## Activity
Everything in the listing below has to be repeated exactly, except the pictures.

## Data excerpt
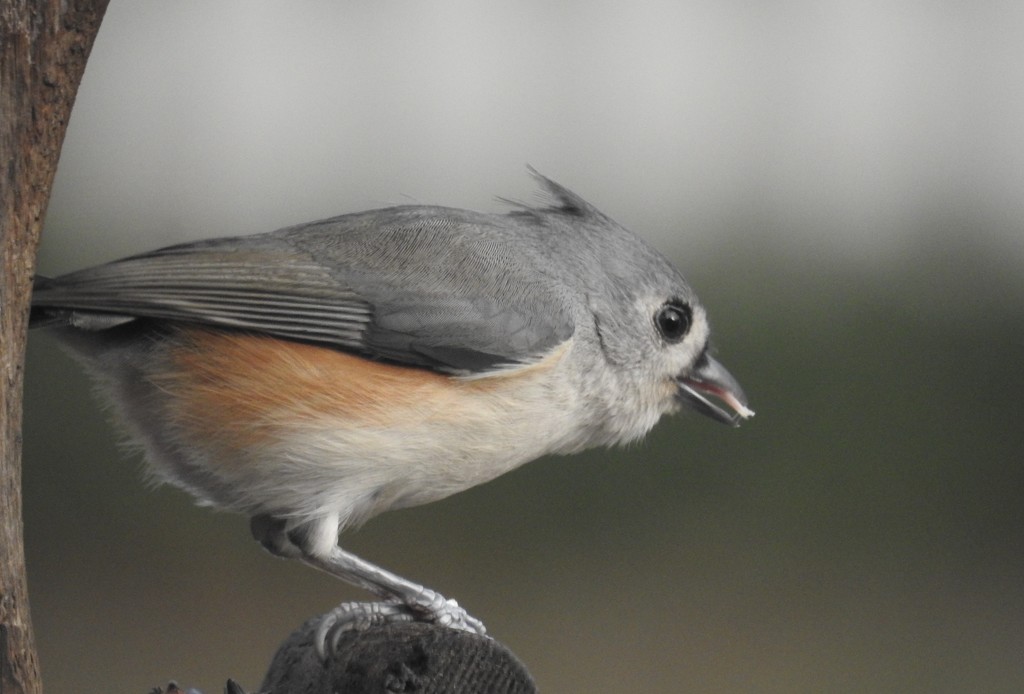Tufted titmouse tongue by amyk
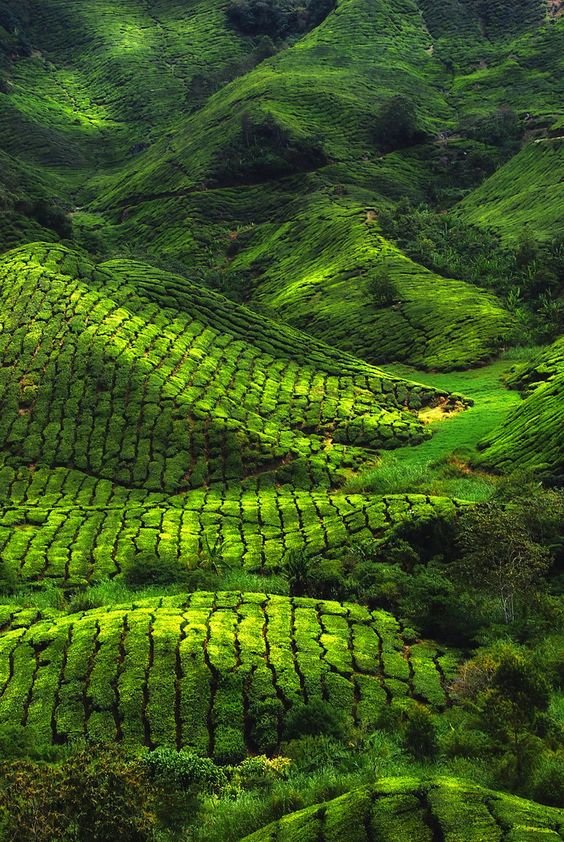 DoinaBadescu's tweet photo. Tea Gardens,Assam,India. #GreenTeaField https://t.co/bHCANgvAb2
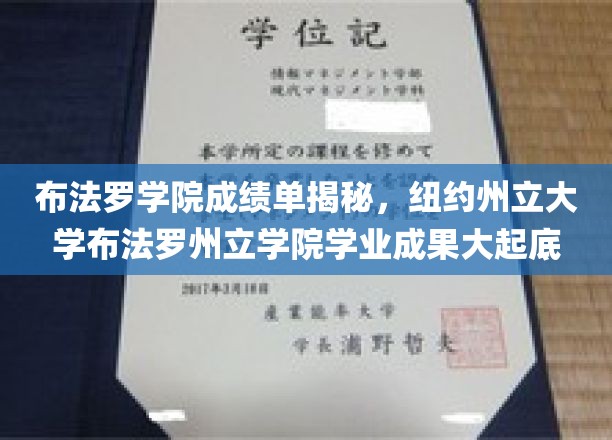 纽约州立大学布法罗学院成绩单深度解析，揭示学业成果的精彩篇章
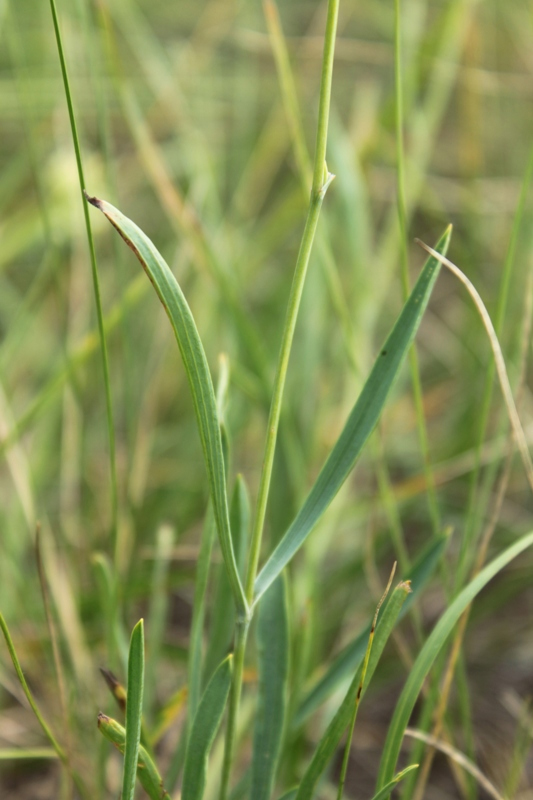 Image of Bupleurum scorzonerifolium specimen.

## Solution
Tufted titmouse tongue by amyk
 DoinaBadescu's tweet photo. Tea Gardens,Assam,India. #GreenTeaField https://t.co/bHCANgvAb2
 纽约州立大学布法罗学院成绩单深度解析，揭示学业成果的精彩篇章
 Image of Bupleurum scorzonerifolium specimen.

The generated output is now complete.